01 Milwaukee musicians crime scenes
Why this group of musicians plays at crime scenes
01:27 - Source: WISN
CNN  — 

There’s a new kind of first responder to some crime scenes in Milwaukee, Wisconsin: musicians.

Toting their violin, viola and bass cases, they set up among the investigating police and reporters scrambling to get the story after a shooting. And soon the mournful sound of a spiritual, like “Sometimes I Feel Like a Motherless Child,” fills the night.

The Black String Triage Ensemble, with seven members ranging in age from 11 to 70-something, has played at more than a dozen crime scenes this summer, according to CNN affiliate WISN.

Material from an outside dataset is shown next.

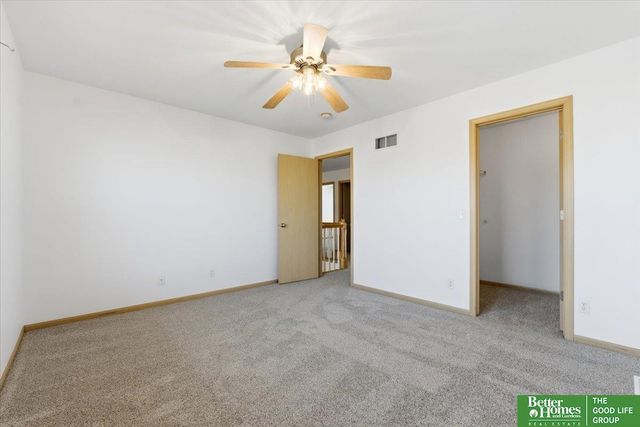 2102 Sunburst Drive, Papillion, NE 68046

Dayvin Hallmon founded the volunteer group of string musicians this year. The group, made up of African-Americans and Latinos, aims to be a “healing force” for communities coping with violence, he said.

The musicians play not so much for the immediate victims and their relatives. For those people, “the trajectory of healing, and dealing with that, is so much longer” than the music can span, Hallmon said.

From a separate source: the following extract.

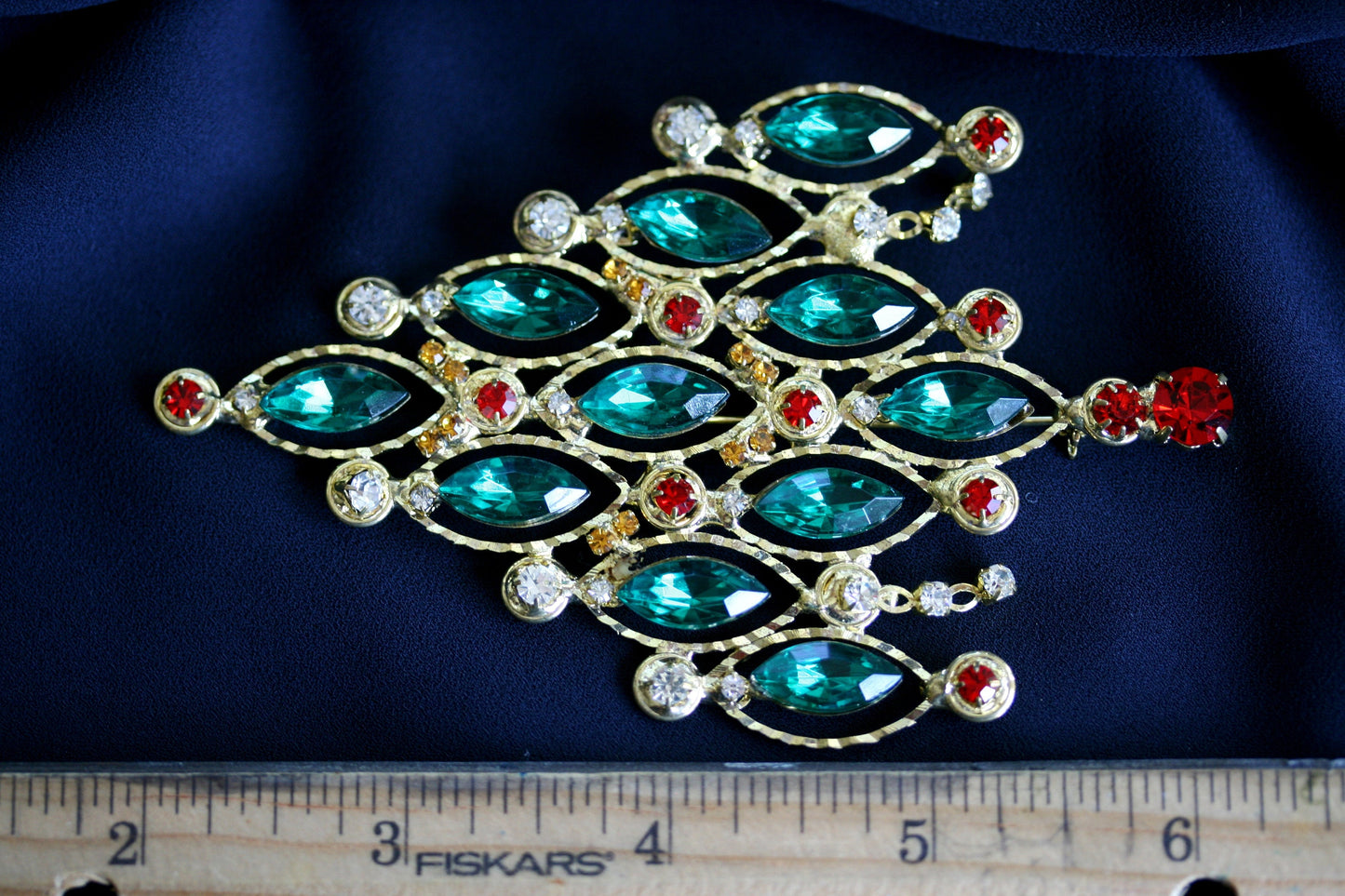 Large Vintage Emerald Green Rhinestone Christmas Tree Brooch/Pin Christmas Jewelry Gift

Rather, the music is meant mainly for “everybody else, the person down the street, for everybody in that space who has to drink that aftermath,” Hallmon said.

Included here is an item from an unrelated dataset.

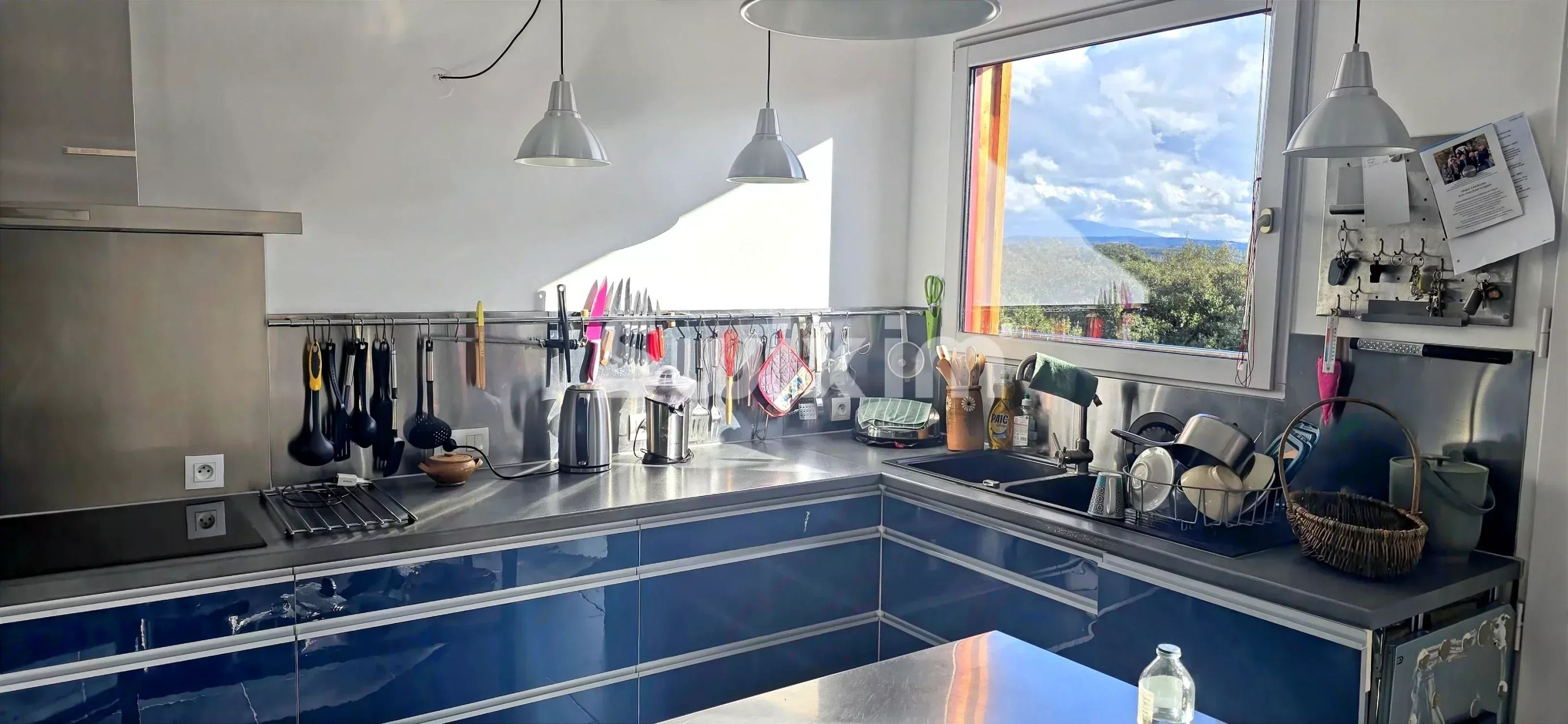 house 5 Rooms for sale on Grignan (26230)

On Friday, the group showed up at the scenes of two different shootings in the city, WISN reported. First, they played at a location where a man had been shot that afternoon. Then, they moved blocks away, where a man had been shot in the legs.

Hallmon told CNN he doesn’t ask police about the details of what happened at the scene. He’s just happy they don’t ask him to leave.

“I don’t need to know,” he said.

‘I’ll sleep better tonight knowing you are here’

The group plays on certain weekends that Hallmon set aside for the group to be on call. Volunteers have to be ready to respond during the on-call weekends, as well attend practice dates.

The first time the group played after a shooting, Hallmon said, a woman came out in her bathrobe as they were packing up to leave. She introduced herself as the mother of the person who had been shot.

“I will sleep better tonight knowing you are here,” she said, according to Hallmon.

“What’s amazing about this is that from the feedback, this has hit every single marker” he set for the group from the outset, Hallmon said.

The group plays a six-song set

The group plays a set that goes through five stages of grief: a spiritual for denial; classical music for anger; jazz for bargaining; then blues and soul music for depression and acceptance. All the music is by African-American composers, including Duke Ellington and Curtis Mayfield.

The group concludes with a sixth song, for faith.

“If we don’t believe the situation is going to better, as humans, we’re not going to go forward,” Hallmon said. “Something has to convince you that it’s going to get better.”

A trip to Washington helped plant the idea

Hallmon said he plays seven instruments and has been a church musician since he was about 9.

He said he began getting the idea for the group during a visit to the National Museum of African American History and Culture in Washington, DC.

“Something said to me: ‘Address the life condition,’ ” Hallmon said. “I said, ‘I don’t know what that means.’ “

Back at his hotel room, he watched Oprah Winfrey on TV, and heard her talk about childhood trauma, saying there has to be a way to fix the hole in the soul of people, Hallmon recalled.

That’s when it hit him, he said: “The answer is music.”